The South Wood County Homelessness Coalition consists of 21 community partners working together to provide resources, education and services to residents facing homelessness. North Central Community Action Program facilitates the bi-monthly meetings and anyone interested in this topic is welcome to join the discussion.
The mission is to eliminate homelessness in south Wood County. We plan to accomplish this mission by: understanding the issue, working together, educating the community, preventing homelessness, and funding solutions. We know that homelessness in south Wood County looks different than in large cities. Our local homeless are living in shelter, temporary foster care, transitional housing, or maybe with another family member of friend. Some of our accomplishments are: a State of the Homeless infographic which was used at a community discussion with community members in the spring of 2017 who wanted to learn more around this topic and a booklet of resources with program descriptions and contact information that was completed and has been distributed to organizations in the community who may work with those community members facing homelessness.

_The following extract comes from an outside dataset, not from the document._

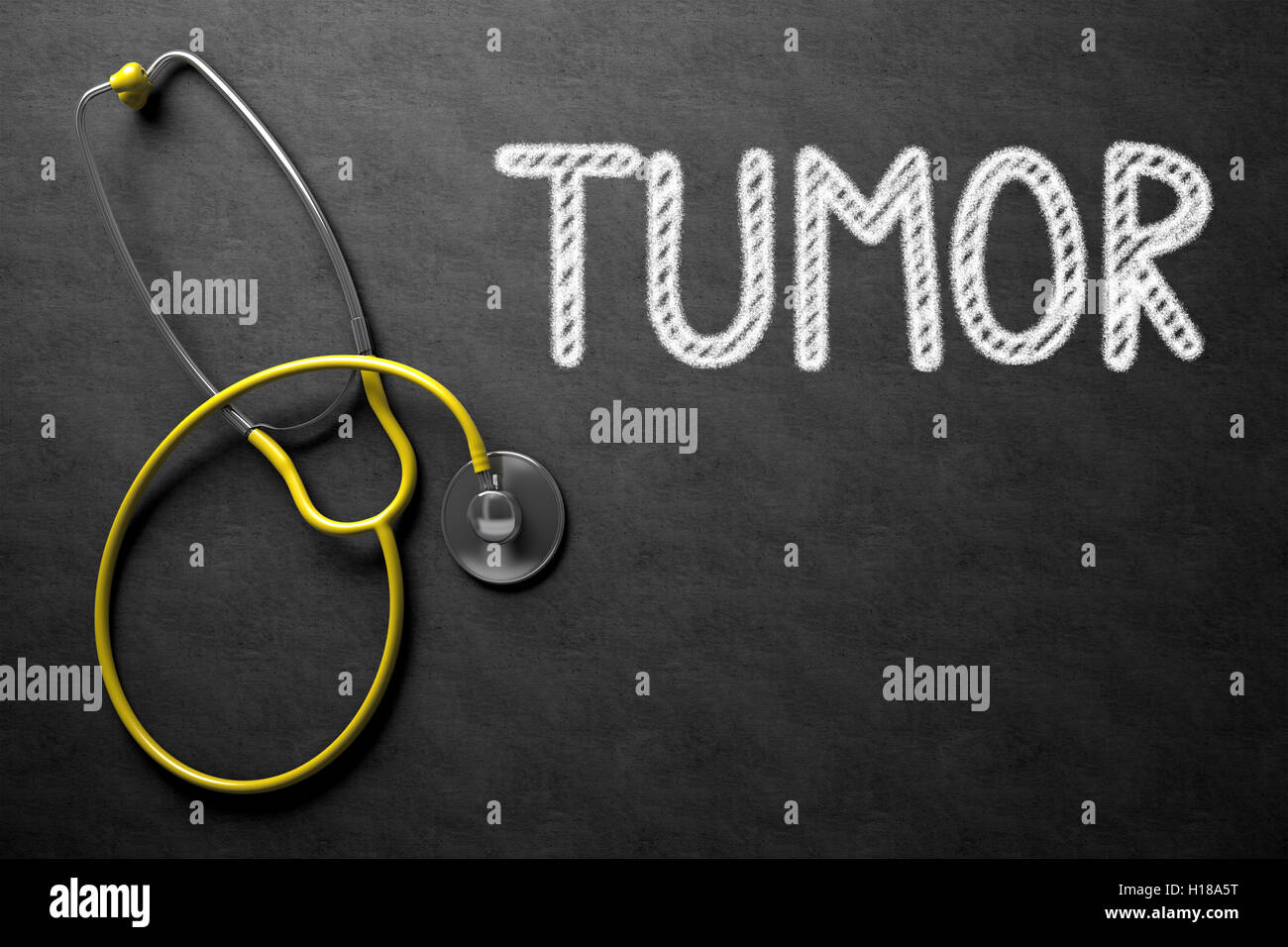 Tumor auf Tafel. 3D Illustration. Stockfoto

To view the State of the Homeless infographic, visit: https://www.uwiw.org/homelessness-coalition.
In 2012, United Way of Inner Wisconsin invited food providers, those who help to address hunger issues and other members of the community to come together to form the South Wood County Hunger Coalition. The Coalition is fighting hunger in our community by working collectively toward a common goal. The Coalition has formed working committees in the following areas: access to healthy and nutritious foods, outreach and advocacy for those facing hunger, educating the community on hunger, and research – to determine the current/future needs of food programming in our community. Some of our accomplishments: in 2017 we held our Fifth Annual United We Can event, and created and distributed a “Food Provider List.” The “Food Provider List” has contact information and descriptions of local resources. The document also lists local vendors that accept WIC and FoodShare benefits.
To view the Food Provider List, visit: https://www.uwiw.org/hunger-coalition.
The Homelessness and Hunger Coalitions are collaborating and hosting poverty simulations for Wisconsin Rapids, Nekoosa and Port Edwards School district staff members during professional development days this fall. The two hour simulation which will challenge participants to try to secure healthy food while utilizing local resources to do so with limitations, such as lack of money or transportation for example, will give participants an opportunity to experience what some community members encounter when trying to access food and shelter. The simulation has the capacity to include up to 50 participants at each simulation. The goal of the simulations is to create awareness and foster discussions to better understand the barriers and challenges that community members may face to secure food or shelter.
In addition to the weekly articles found here in the City Times, representatives from local agencies will be sharing information on their programs and services during segments on WFHR, AM 1320, throughout the month of November.
Homelessness and Hunger are realities that, unfortunately, too many in our community face. We hope that you learn something new and when you do, you share what you have learned with a co-worker, neighbor, friend or family member. As you will learn in the upcoming weeks, there are many programs and services in place to assist those who face these insecurities. What we as a community still have to figure out and work on together is how to help our neighbors, friends, and co-workers, so they do not have to worry about when they are going to eat their next meal or where they are going to sleep tonight.